# Information supplied
* * * * * * *
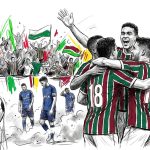 Soccer players in green-and-red striped jerseys hug and cheer after a goal as the crowd waves flags in the background.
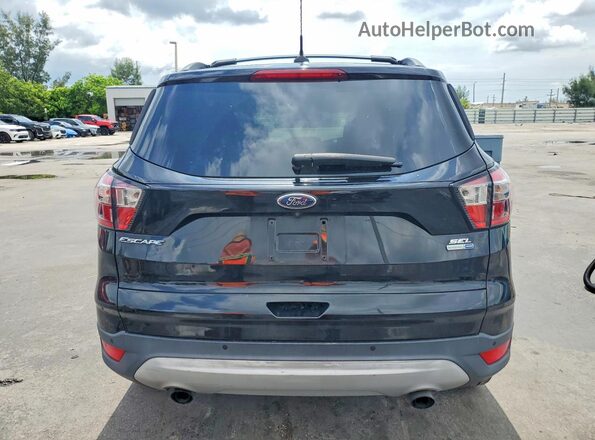 1FMCU9HD4JUD53666 2018 FORD ESCAPE Black Rear view
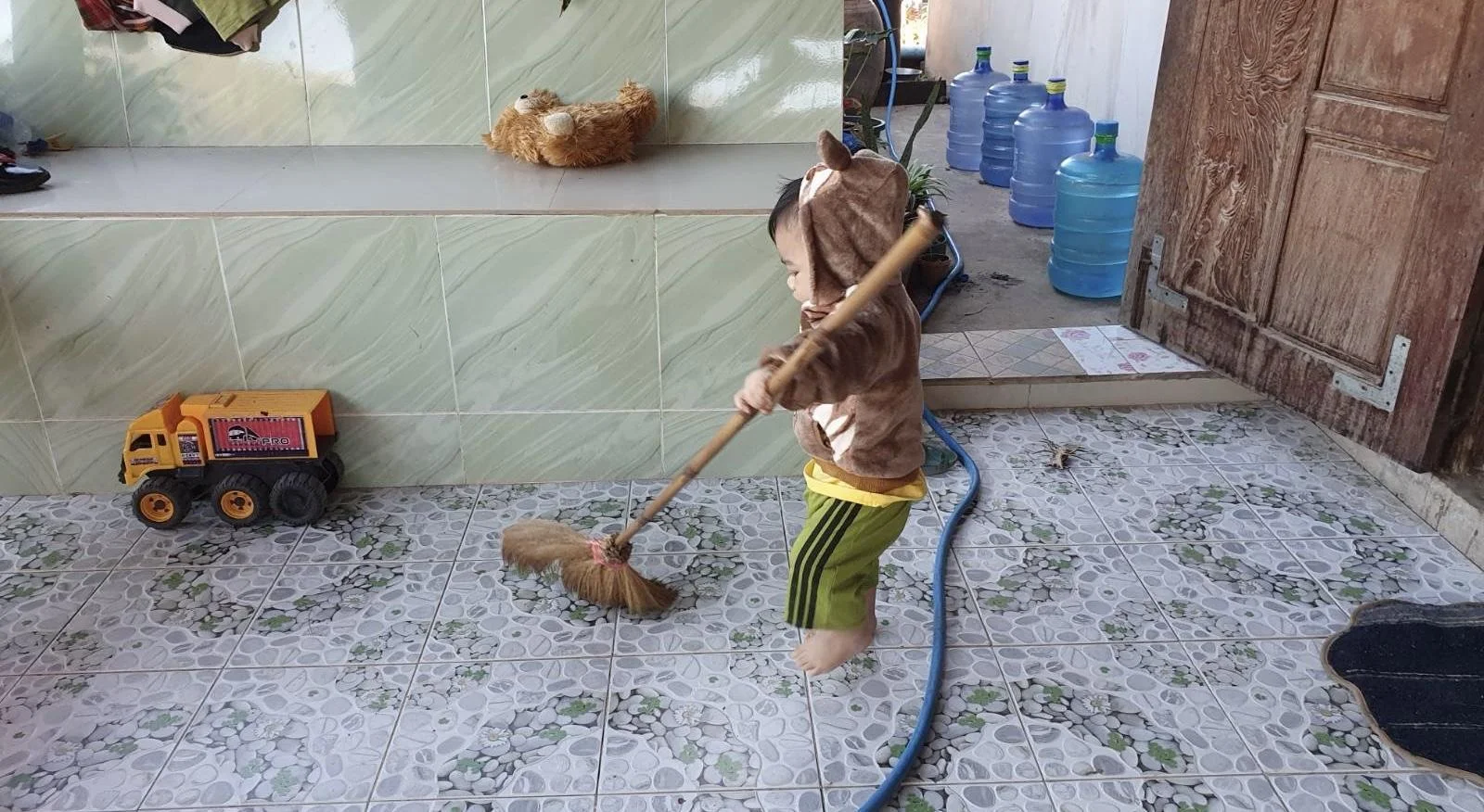 เด็กผู้ชายกำลังกวาดบ้าน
* * * * * * *
# Aim of the exercise
Leaving the pictures out, output the material exactly as it appears.

# Expected output
 Soccer players in green-and-red striped jerseys hug and cheer after a goal as the crowd waves flags in the background.
 1FMCU9HD4JUD53666 2018 FORD ESCAPE Black Rear view
 เด็กผู้ชายกำลังกวาดบ้าน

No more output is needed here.